**Task brief:**
The reply is to contain the full listing, repeated exactly, with pictures left out.

**Dataset content:**

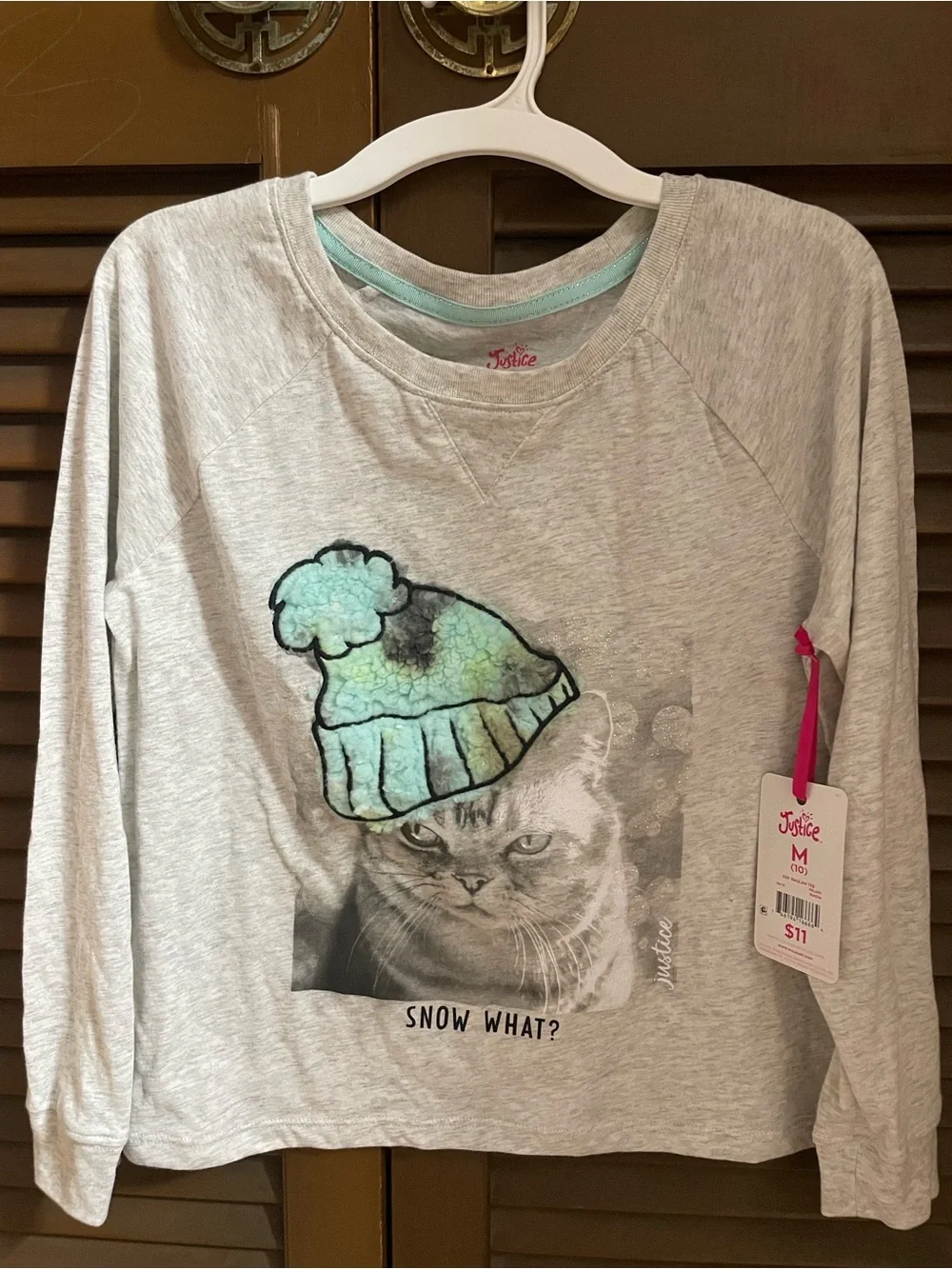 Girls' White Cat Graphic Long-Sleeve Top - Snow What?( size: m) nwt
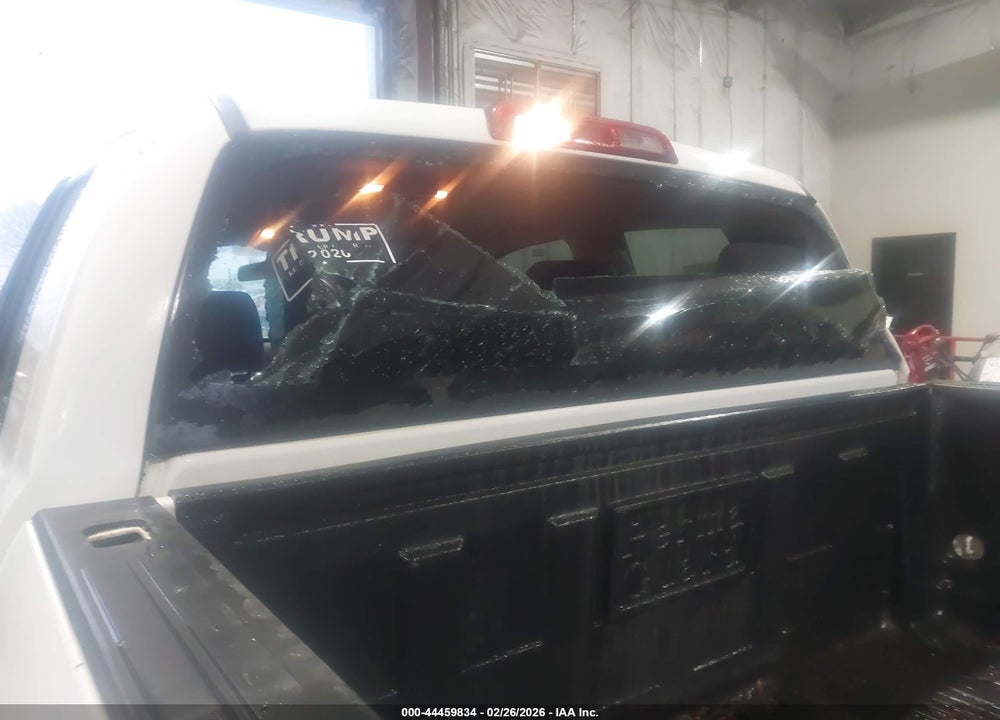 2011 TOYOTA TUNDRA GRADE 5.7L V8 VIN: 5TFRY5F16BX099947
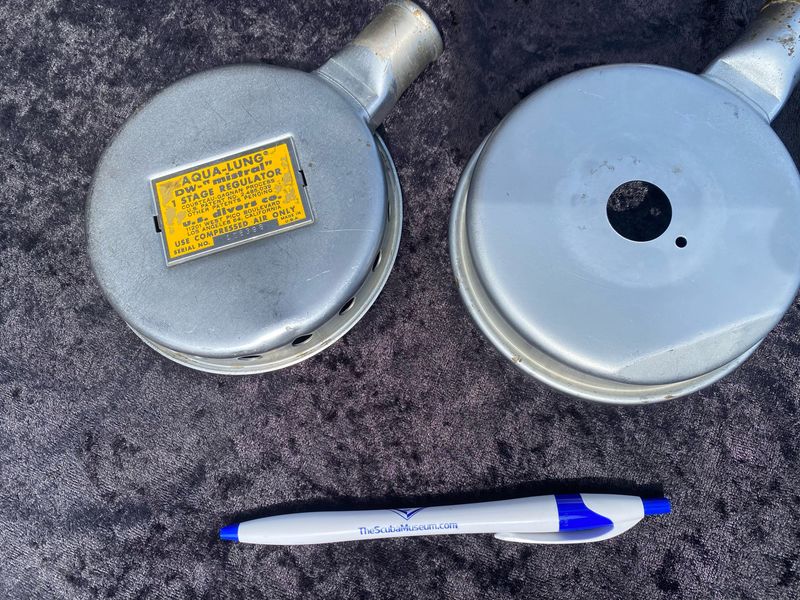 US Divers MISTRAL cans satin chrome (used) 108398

**Reply:**
 Girls' White Cat Graphic Long-Sleeve Top - Snow What?( size: m) nwt
 2011 TOYOTA TUNDRA GRADE 5.7L V8 VIN: 5TFRY5F16BX099947
 US Divers MISTRAL cans satin chrome (used) 108398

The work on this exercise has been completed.